Updated August 24, 2007

From: "Chapter 8; Foreign Terrorist Organizations," Country Reports on Terrorism 2005, US Department of State, April 30, 2006.

Egyptian Islamic Jihad (EIJ);
Egyptian al-Jihad;
New Jihad;
The Jihad Group

Description
This Egyptian Islamic extremist group merged with Usama Bin Ladin's al-Qaida organization in 2001. Usama Bin Ladin's deputy, Ayman al-Zawahiri, was the former head of AJ. Active since the 1970s, the AJ's primary goal has been the overthrow of the Egyptian Government and the establishment of an Islamic state. The group's targets, historically, have been high-level Egyptian Government officials as well as U.S. and Israeli interests in Egypt and abroad. Regular Egyptian crackdowns on extremists, including on AJ, have greatly reduced AJ capabilities in Egypt.

Activities
The original AJ was responsible for the 1981 assassination of Egyptian President Anwar Sadat. It claimed responsibility for the attempted assassinations in 1993 of Interior Minister Hassan al-Alfi in August 1993 and Prime Minister Atef. AJ has not conducted an attack inside Egypt since 1993 and has never successfully targeted foreign tourists there. The group was responsible for the Egyptian Embassy bombing in Islamabad in 1995 and a disrupted plot against the U.S. Embassy in Albania in 1998.

Strength
Unknown, but probably has several hundred hard-core members inside and outside of Egypt.

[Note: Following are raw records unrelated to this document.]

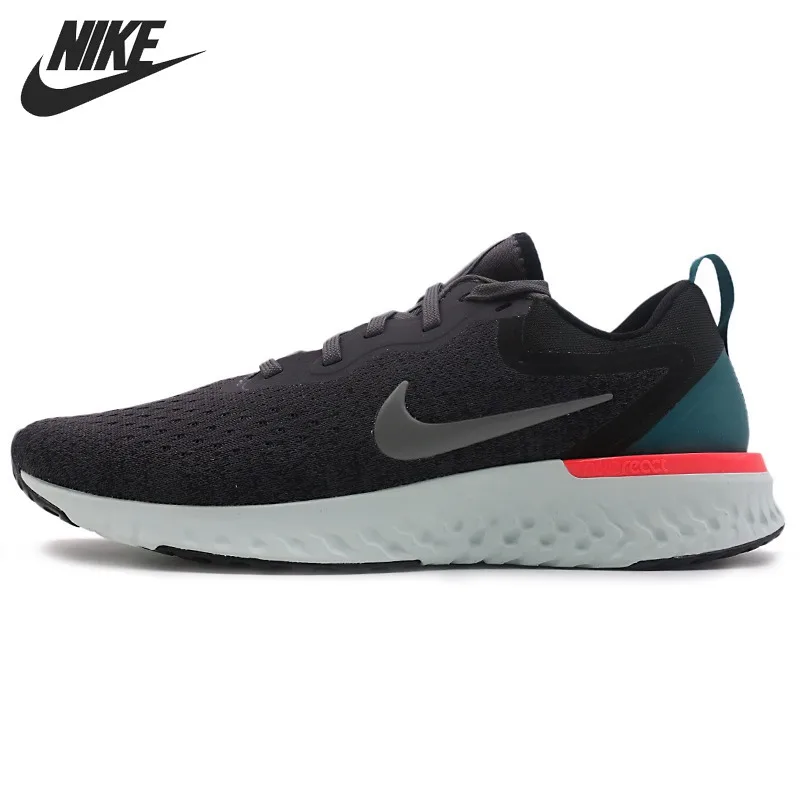 Оригинальное новое поступление 2018 мужские кроссовки для бега NIKE REACT | Спорт и
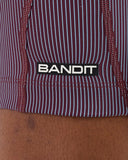 Striped Cadence™ 1/4 Tight - Men's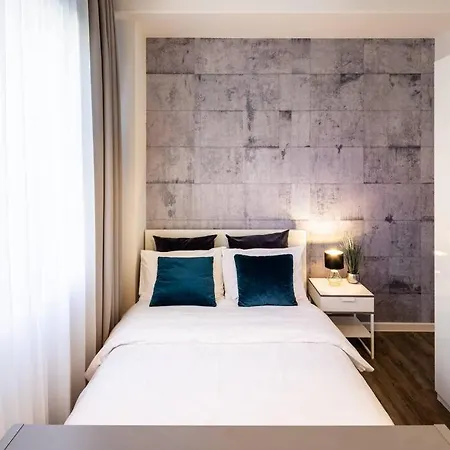 Loft-apartment, In City-center *
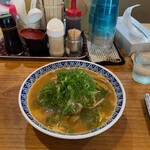 高島ラーメン - 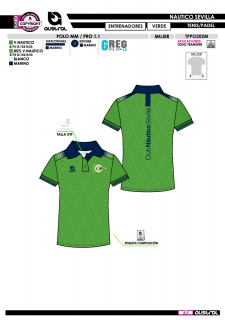 Polo MC PRO 1.1 Cuello... 2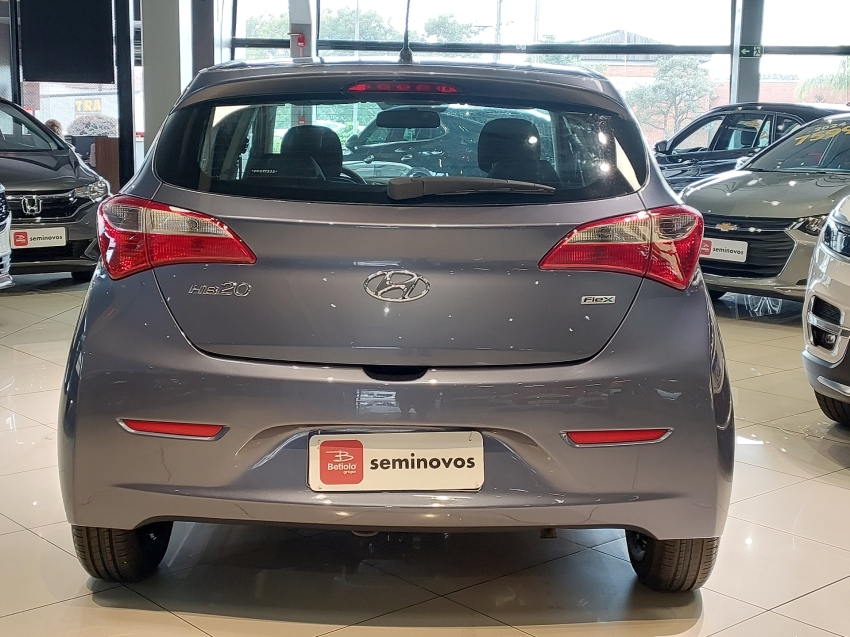 hyundai hb20 1.0 comfort 12v flex 4p manual 20154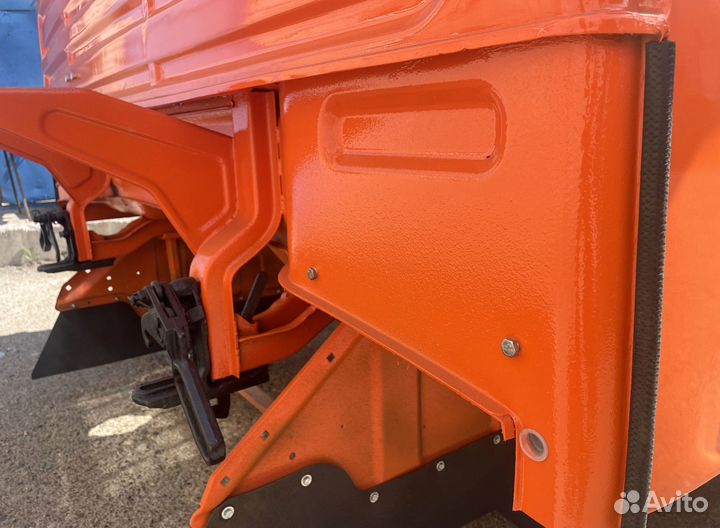 Кабина Камаз 5511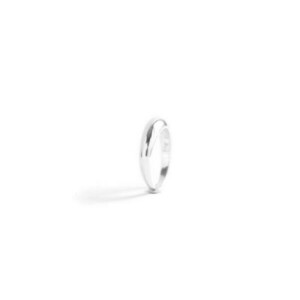 Verve Ring II┃Ασήμι 925 Χειροποίητο δαχτυλίδι - ασήμι 925, γεωμετρικά σχέδια, σταθερά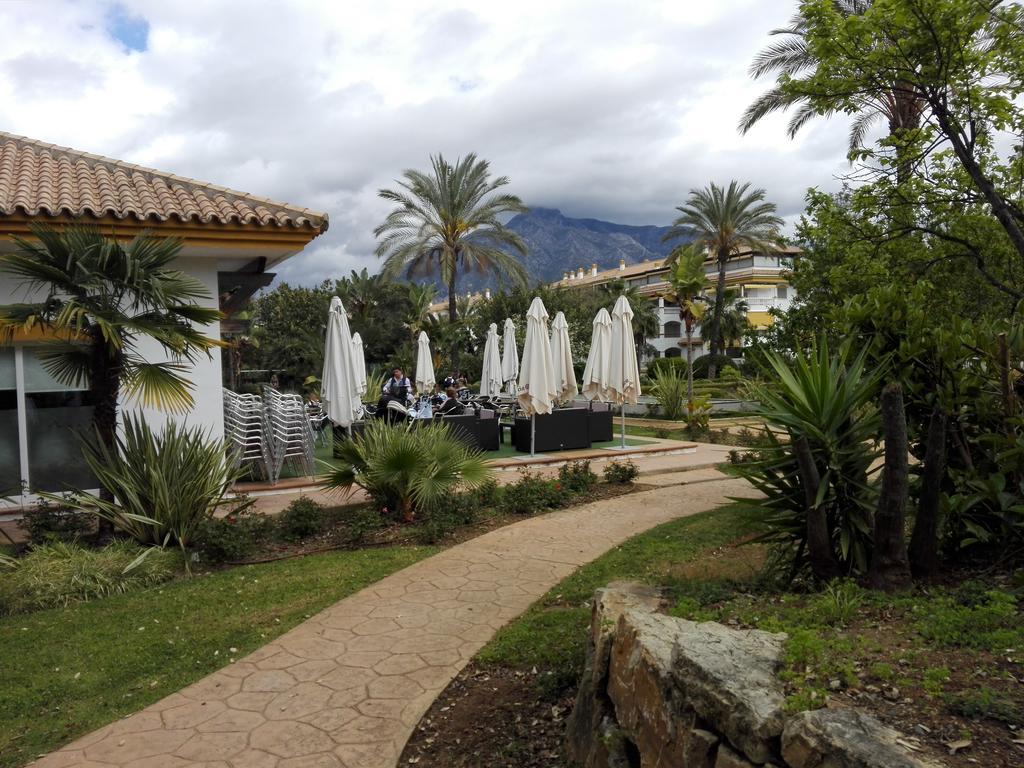 Апартаменти Atico Marbella Puerto Banus Екстер'єр фото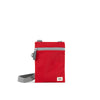 Roka Chelsea Recycled Nylon Cranberry Bag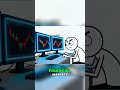 Trading vs Investing: Million Beginners Confused #shorts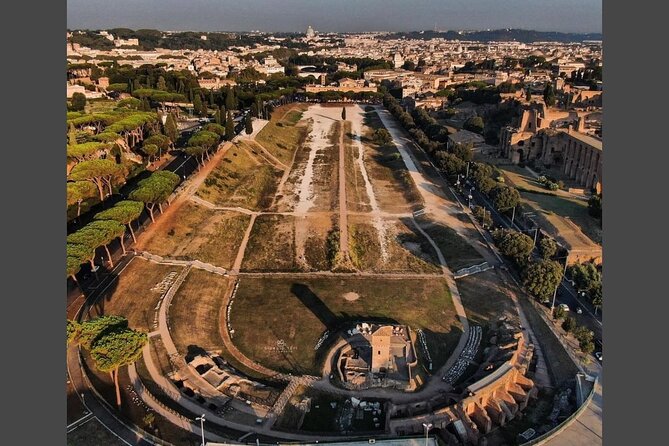 The Rise of Rome - Tiberina Island and the Jewish Ghetto: Rome as layers, not one era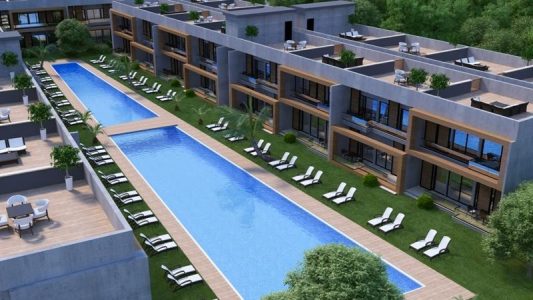 Dogankoy Life Villas in Dogankoy, Kyrenia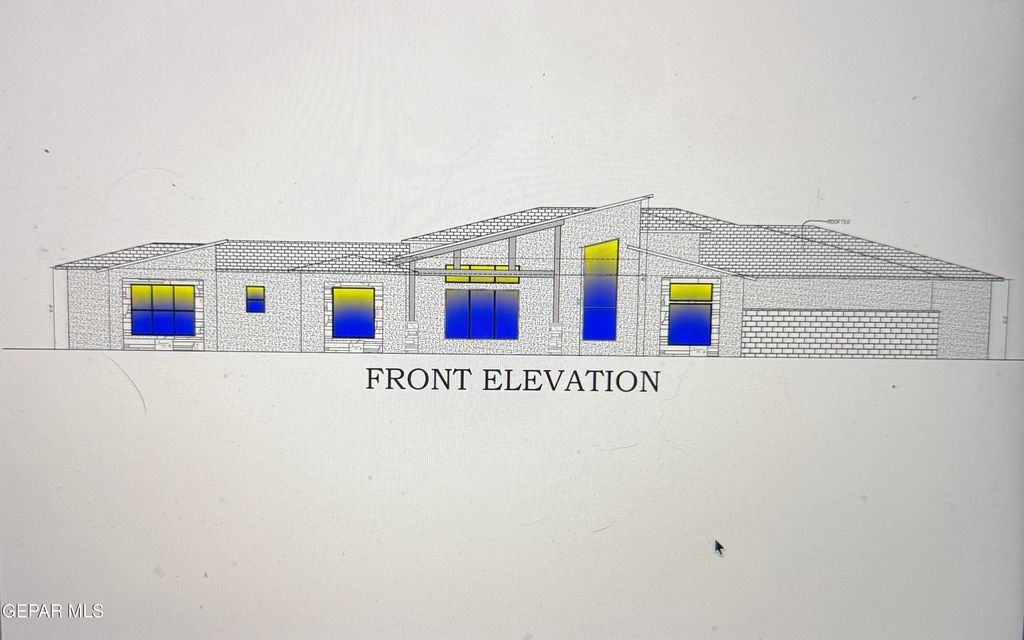 Photo of 6604 Rio Haciendas, El Paso, TX 79932 (MLS # 935995)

Location/Area of Operation
Historically AJ operated in the Cairo area. Most AJ members today are outside Egypt in countries such as Afghanistan, Pakistan, Lebanon, the United Kingdom, and Yemen. AJ activities have been centered outside Egypt for several years under the auspices of al-Qaida.

External Aid
Since 1998 AJ has received most of its funding from al-Qaida; these close ties culminated in the eventual merger of the groups. Some funding may come from various Islamic nongovernmental organizations, cover businesses, and criminal acts.